Metaspades stalling on DistanceEstimator at K55
Description of bug
Hi! I've been working with the anvio-8 snakemake workflow and using metaspades within that. I was trying out the workflow on 3 samples. The first sample finished the whole process completely, while the second sample has stalled out at the "DistanceEstimator" step at K55. The log won't update for days until I cancel the job.
I read that the conda installed spades could be a little funky, so I installed the github version 4.1.0 of spades and replaced that in my conda environment. I then have re-run just on the struggling sample, and I'm still having the issue of stalling in that exact same spot. I've also checked the quality of my sample and it is similar to the sample that worked fine.
Thanks for your time!
spades.log
params.txt
SPAdes version
SPAdes v4.1.0
Operating System
OS: Linux-4.18.0-477.74.1.el8_8.x86_64-x86_64-with-glibc2.28
Python Version
3.10.14
Method of SPAdes installation
conda, then binaries
No errors reported in spades.log
- [x] Yes
@katebowie This is pretty strange, the process is pretty deterministic there. Is there by any chance a possibility for to share data with us so we can reproduce?
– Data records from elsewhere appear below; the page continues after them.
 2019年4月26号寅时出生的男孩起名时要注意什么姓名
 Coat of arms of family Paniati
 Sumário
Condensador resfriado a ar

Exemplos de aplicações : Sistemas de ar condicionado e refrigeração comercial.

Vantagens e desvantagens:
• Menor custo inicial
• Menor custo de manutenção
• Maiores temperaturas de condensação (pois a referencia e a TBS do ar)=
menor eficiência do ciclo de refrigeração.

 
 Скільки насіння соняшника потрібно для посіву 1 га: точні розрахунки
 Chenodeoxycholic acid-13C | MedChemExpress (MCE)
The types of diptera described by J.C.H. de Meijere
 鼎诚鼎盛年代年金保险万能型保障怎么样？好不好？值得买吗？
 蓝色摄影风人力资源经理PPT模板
@asl Sure, happy to. What is the best way for me to share the data with you? I can share the sample that worked and the one that keeps stalling out.
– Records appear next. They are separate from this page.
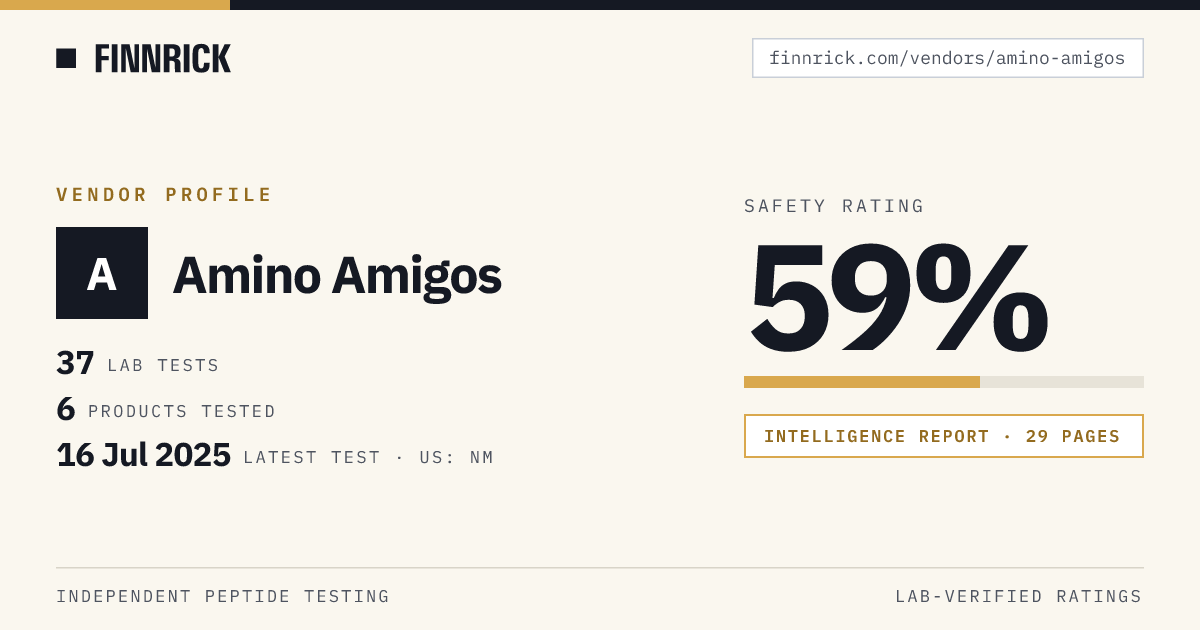 Amino Amigos Safety Rating & Test Results · Finnrick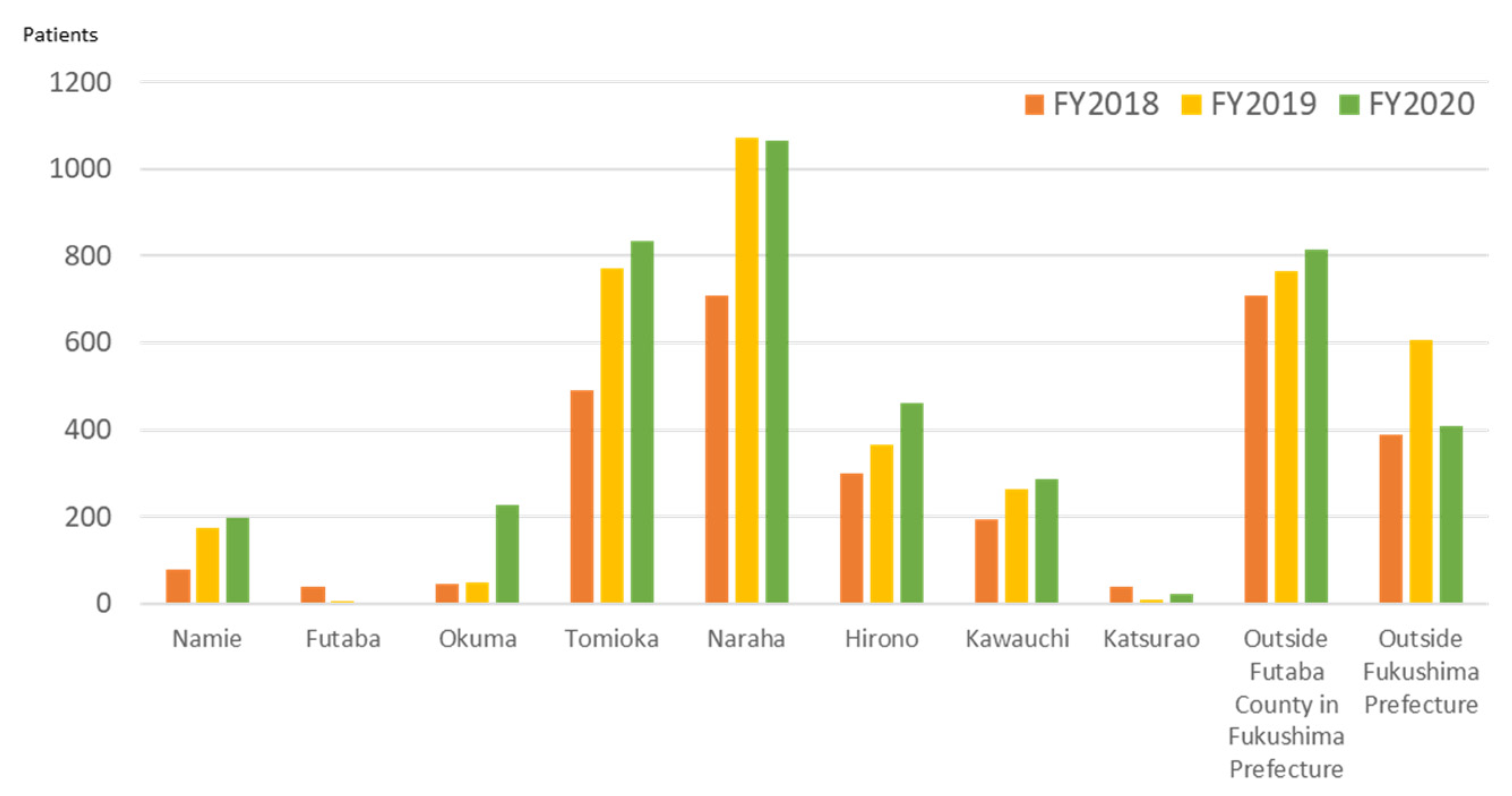 Ijerph 19 00144 g009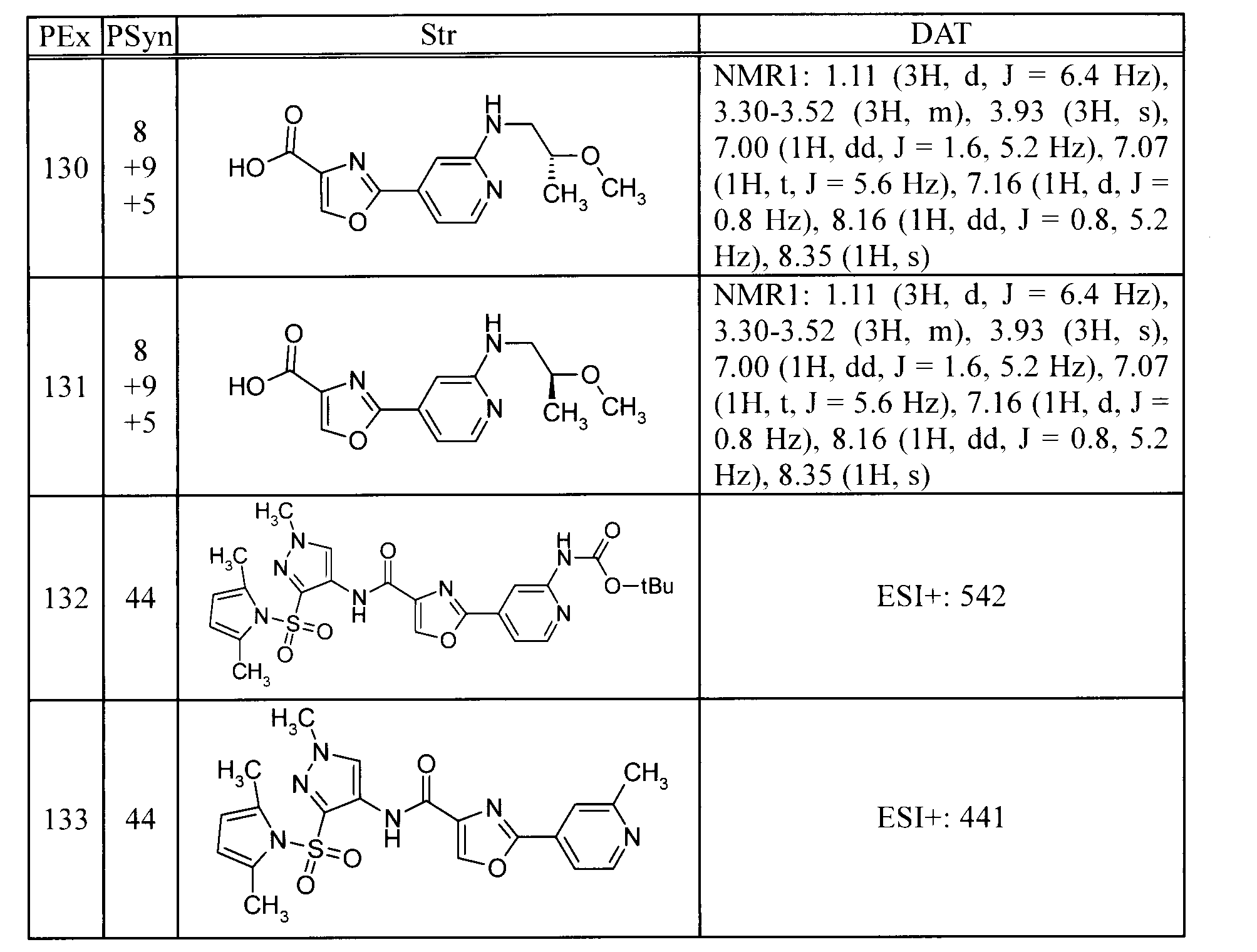 Figure JPOXMLDOC01-appb-T000037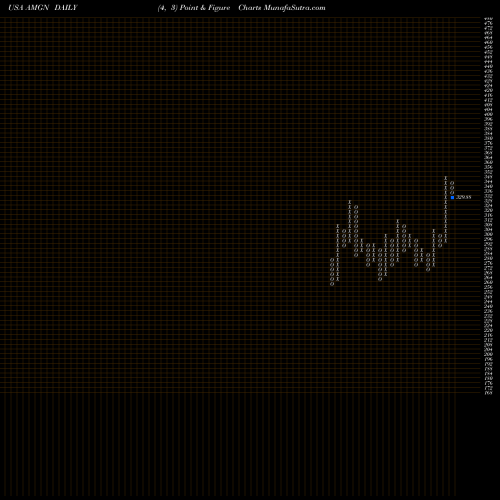 Free Point and Figure charts Amgen Inc. AMGN share USA Stock Exchange 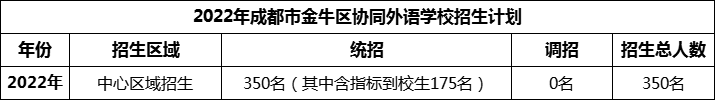 2024年成都市金牛區(qū)協(xié)同外語(yǔ)學(xué)校招生人數(shù)是多少？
We just need the one that stalled :) Working one is, well, working. We are pretty flexible with data sharing. And you know the size and limitations on your side.
Here is a link to a google drive with gzipped files for this sample: https://drive.google.com/drive/folders/1uKCk4CnsmUbGt5mzrpeeiOJUvgNJNBlJ?usp=drive_link
@asl just checking in - were you able to get the data ok?
I have encountered the same problem with several different samples and systems. I get stuck at this step for hours, but I am always able to finish, but after several hours only. So same amount of data and different samples that take 1 hour normally, can go up to 12/24 hours stuck at that step.
@katebowie @asl any solution?
Chiming in that I am also seeing this on certain samples, on my conda install.